### Exercise material
--- START ---

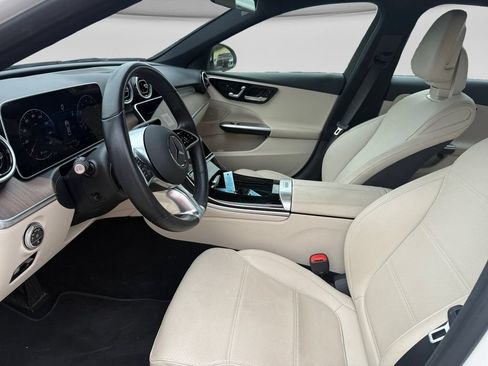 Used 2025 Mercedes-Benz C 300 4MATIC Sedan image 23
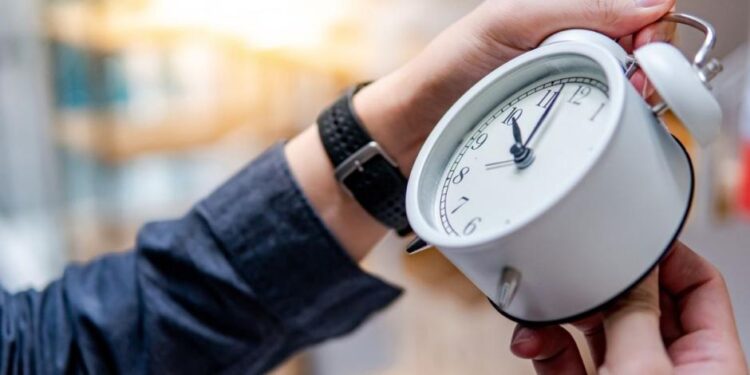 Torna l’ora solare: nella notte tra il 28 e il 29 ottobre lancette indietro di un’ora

--- END ---
--- START ---

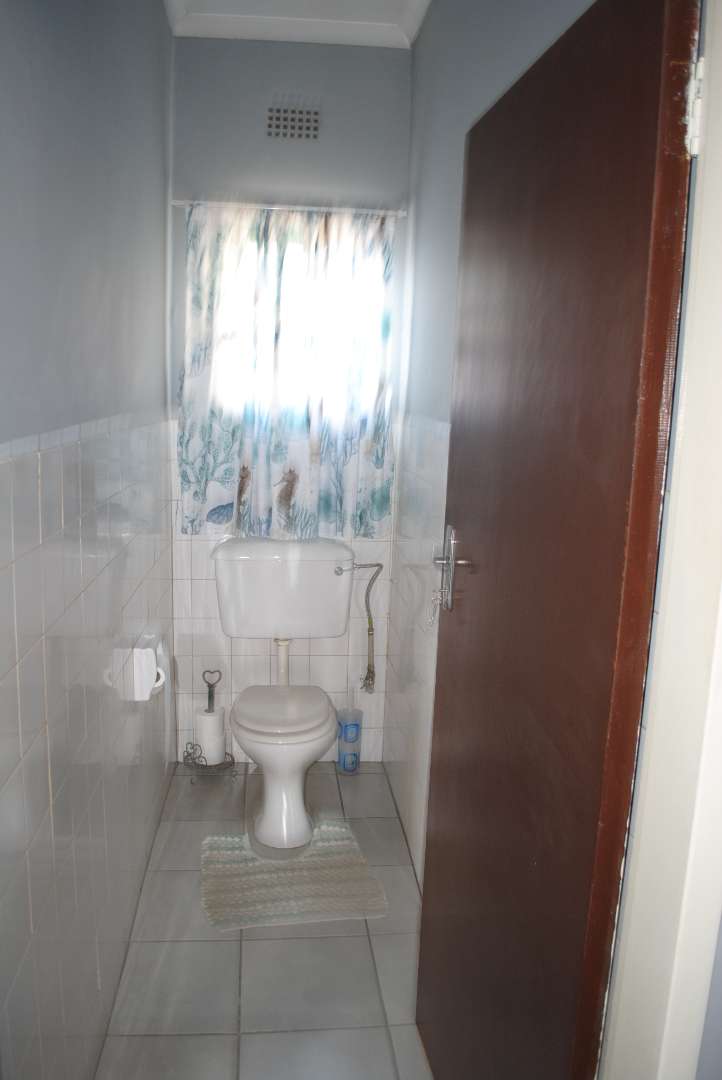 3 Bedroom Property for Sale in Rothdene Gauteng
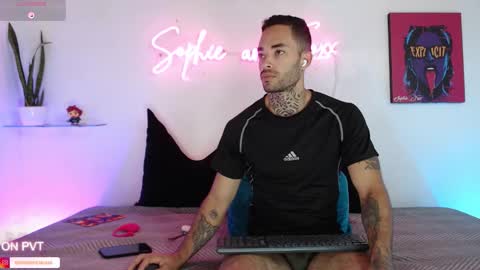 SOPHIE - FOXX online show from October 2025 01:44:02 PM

--- END ---

### Required action
Give back exactly the lines above from the one with "Used 2025 Mercedes-Benz" through the one with "Torna l’ora solare: nella", both included. Pictures don't belong in the copy.

### Response area
 Used 2025 Mercedes-Benz C 300 4MATIC Sedan image 23
 Torna l’ora solare: nella notte tra il 28 e il 29 ottobre lancette indietro di un’ora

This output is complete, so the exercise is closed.